Brett Kavanaugh's roller-coaster path to the Supreme Court captivated America. But this was not the first time the country's highest court was such a fierce battleground. John Marshall, appointed Chief Justice in 1801, would hold the post for a record 34 years, during which he made the weakling of the federal government a voice of authority—and a focus of bitter ideological contention.
In John Marshall, historian Richard Brookhiser vividly chronicles the life and times of America's most important judge. Through three decades of dramatic cases involving businessmen, scoundrels, Native Americans, and slaves, Marshall defended the federal government against unruly states, established the court's right to rebuke Congress or the president, and helped unleashed the power of American commerce. For better and for worse, Marshall made the Supreme Court a pillar of American life.
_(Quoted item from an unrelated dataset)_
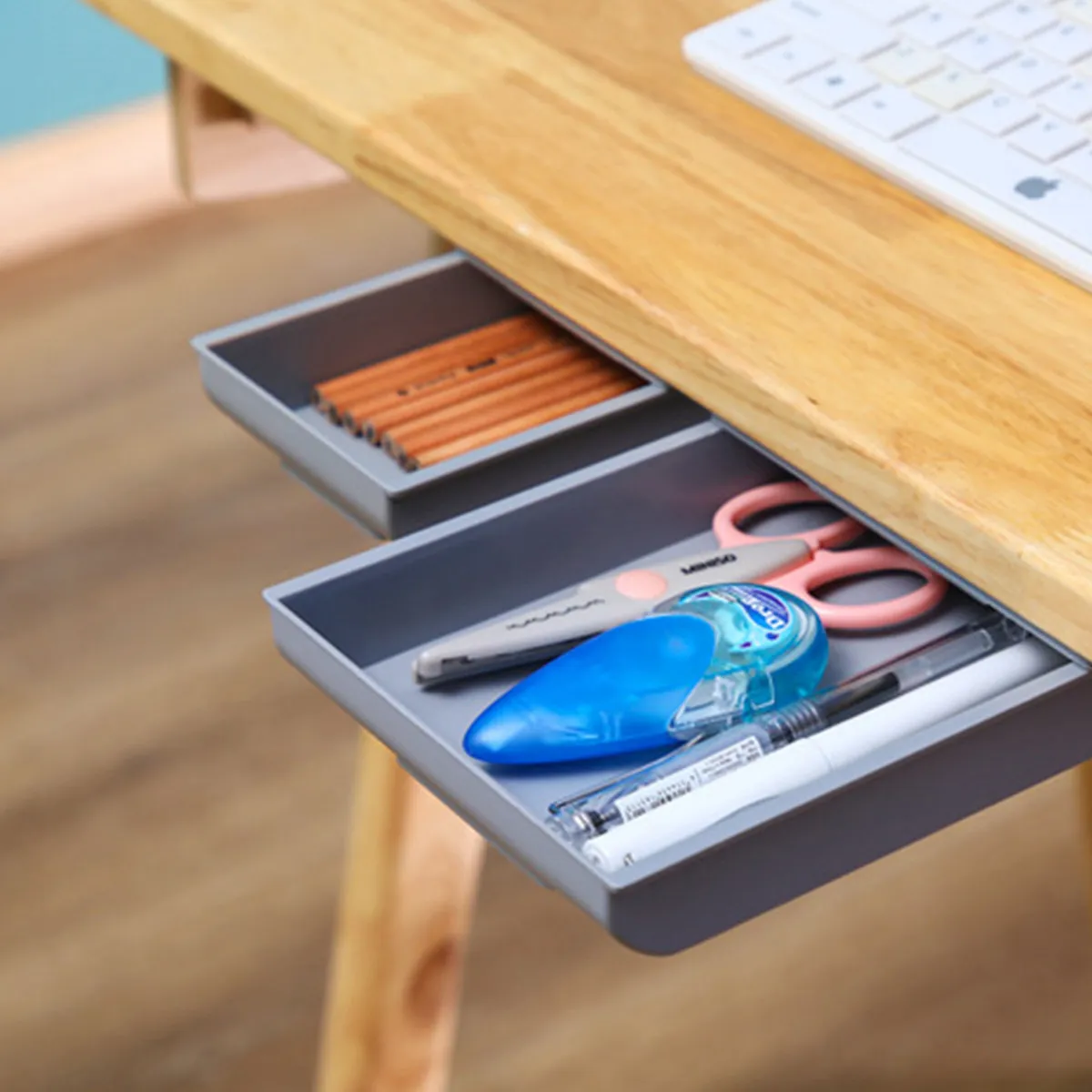 Набор из 2 самоклеящихся пластиковых выдвижных ящиков-органайзеров под стол для хранения столовых приборов, косметики и офисных принадлежностей
Набор из 2 самоклеящихся пластиковых выдвижных ящиков-органайзеров под стол для хранения столовых приборов, косметики и офисных принадлежностей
Richard Brookhiser is a senior editor of National Review and a senior fellow at the National Review Institute. His books include: "Founders' Son: A Life of Abraham Lincoln," "Gentleman Revolutionary: Gouverneur Morris, the Rake Who Wrote the Constitution," "America's First Dynasty: The Adamses, 1735—1918," "Alexander Hamilton, American," and "Founding Father: Rediscovering George Washington." In 2008, Brookhiser was awarded the National Humanities Medal by George W. Bush. He holds a B.A. from Yale University.